The h2o server and lwIP’s httpd represent different points on the embedded spectrum. lwIP’s httpd targets microcontrollers with kilobytes of RAM; the entire TCP/IP stack plus HTTP fits in under 64KB. That level of constraint produces different design choices than a server targeting a Linux machine.

What 1000 lines cannot do

Persistent connections require tracking per-connection state across multiple request-response cycles. That usually means either a state machine per connection or threads with their own stacks. Chunked transfer encoding, required for streaming responses where Content-Length is unknown upfront, adds another parsing pass with its own hex-encoded chunk size lines. TLS requires either linking against OpenSSL or mbedTLS, turning your 1000-line server into a dependency on a 500,000-line library.

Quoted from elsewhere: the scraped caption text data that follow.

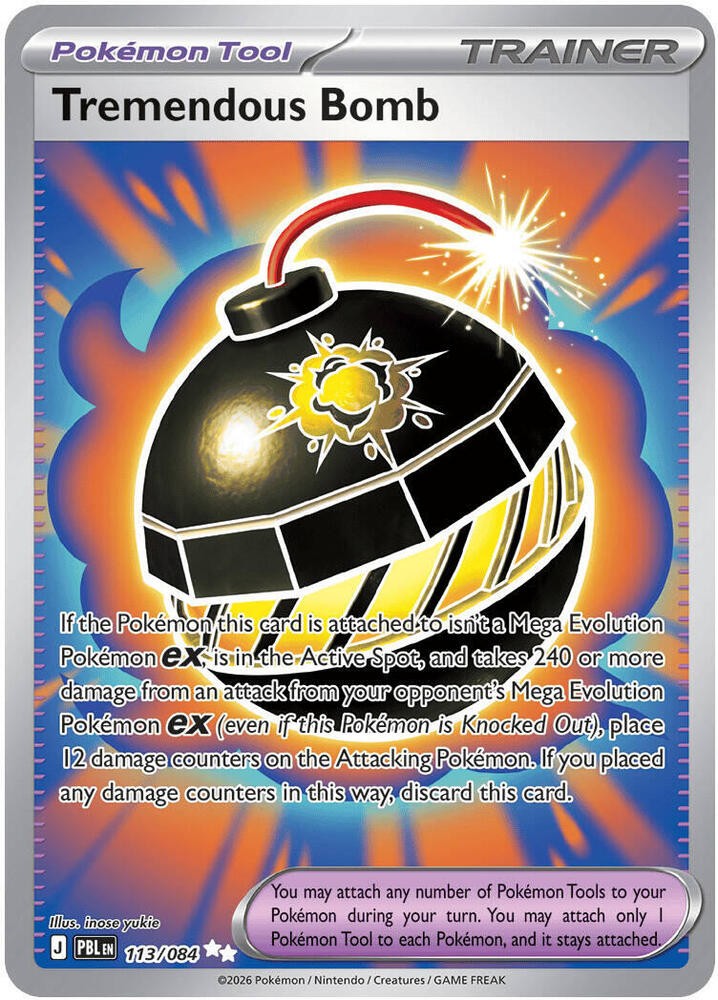 Tremendous Bomb Holo Ultra Rare ME05: Pitch Black 113/084 NM Tremendous Bomb Holo Ultra Rare ME05: Pitch Black 113/084 NM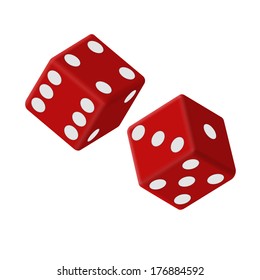 Vector illustration of two red dice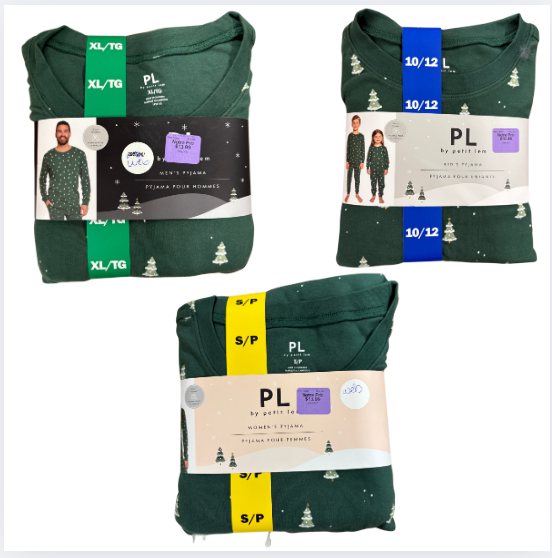 Ensemble pyjama vert foncé imprimé sapins de Noël pour famille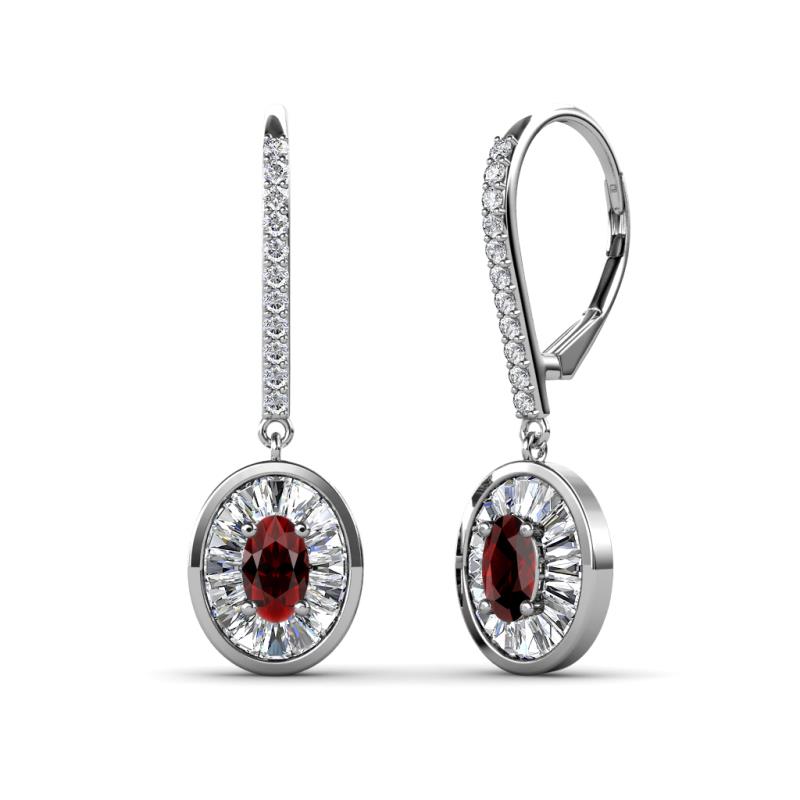 Dahlia Iris Oval Cut Red Garnet and Baguette Diamond Halo Dangling Earrings 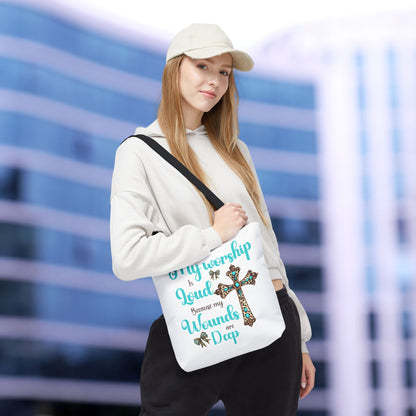 Faith-Inspired Tote Bag, Religious Tote, Cross Design Bag, Gift for Believers, Worship Accessory, Christian Tote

HTTP/2 is architecturally different at the framing layer: multiplexed binary frames over a single connection rather than serial text requests. HPACK header compression, stream priorities, and server push make it a separate engineering problem that cannot be approached at 1000 lines without standing on existing protocol libraries. The RFC 9113 HTTP/2 specification runs to 96 pages.

Why this is worth doing

Writing an HTTP server in C forces you to read the RFC rather than the framework docs. The abstractions in modern web frameworks are load-bearing: they handle partial reads, normalize path traversal, enforce header length limits, and manage keep-alive state. When one of those abstractions has a vulnerability, understanding what it abstracts determines whether the vulnerability is theoretical or exploitable in your specific deployment.

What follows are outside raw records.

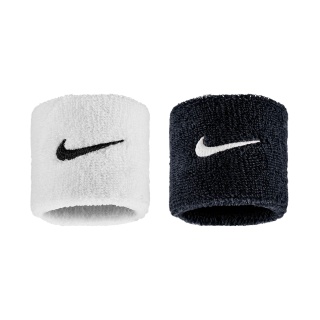 Nike opaska na nadgarstek Swoosh Classic (mieszanka bawełny) 2025 biała/czarna - 2 sztuki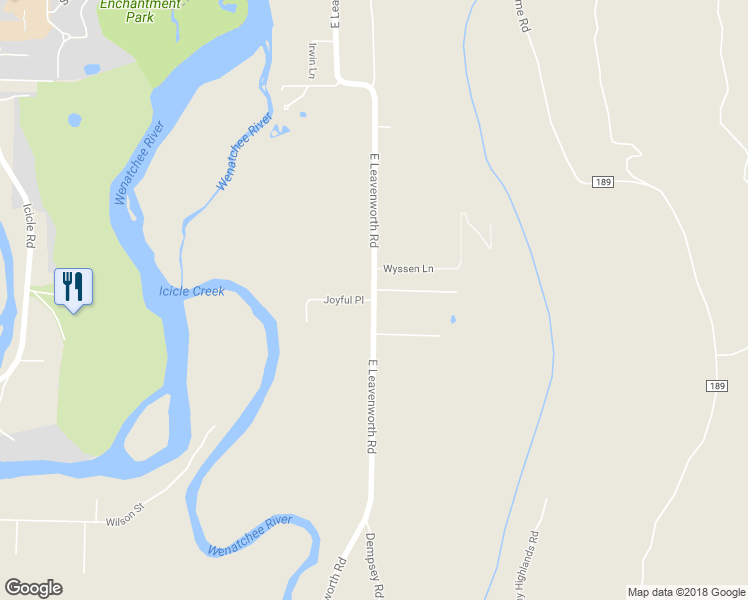 map of restaurants, bars, coffee shops, grocery stores, and more near East Leavenworth Road in Leavenworth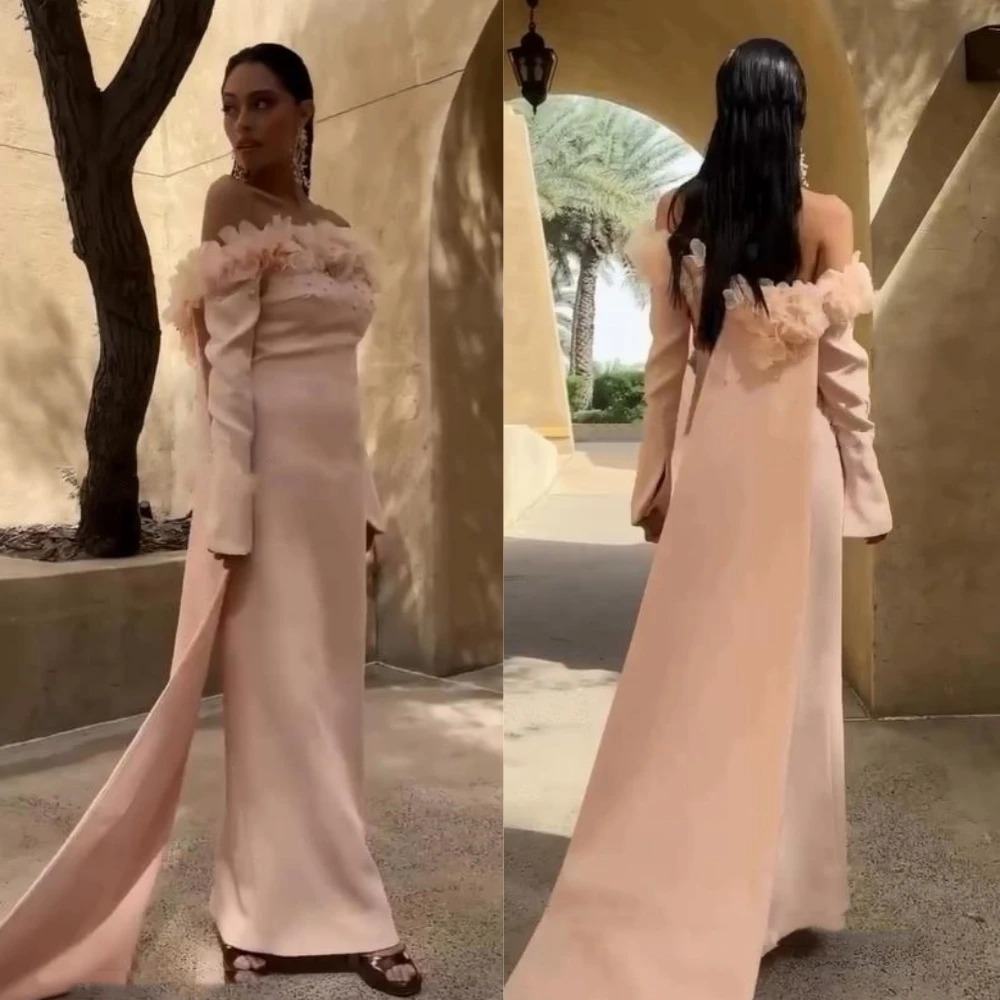 Jiayigong  Satin Beading Flower Pleat Clubbing Sheath Off-the-shoulder Bespoke Occasion Gown Long Dresses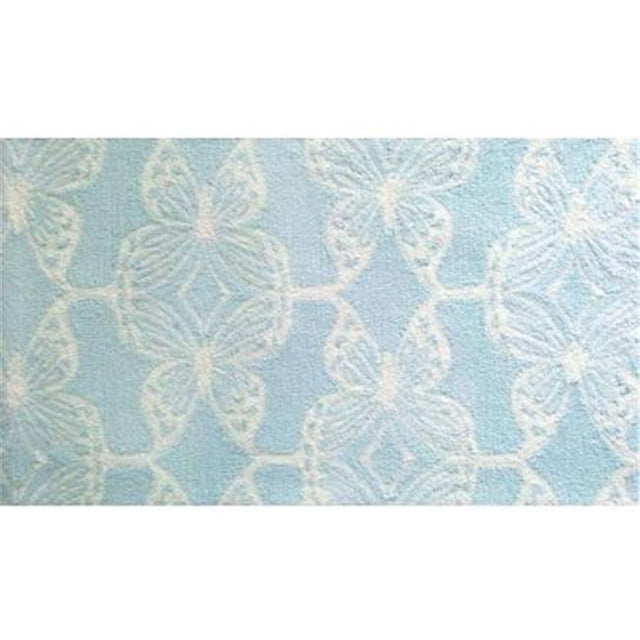 Rug Market 74154B 2.8 x 4.8 ft. Butterfly Lattice Rug - Aqua & White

The 1000-line mark is a useful target because it sits just above toy territory. The server described in the tinyweb project can serve real HTTP traffic, which means its implementation decisions have real consequences. That combination of completeness and reviewability is what makes it a more useful learning artifact than most framework tutorials, which start above the socket layer and never look down.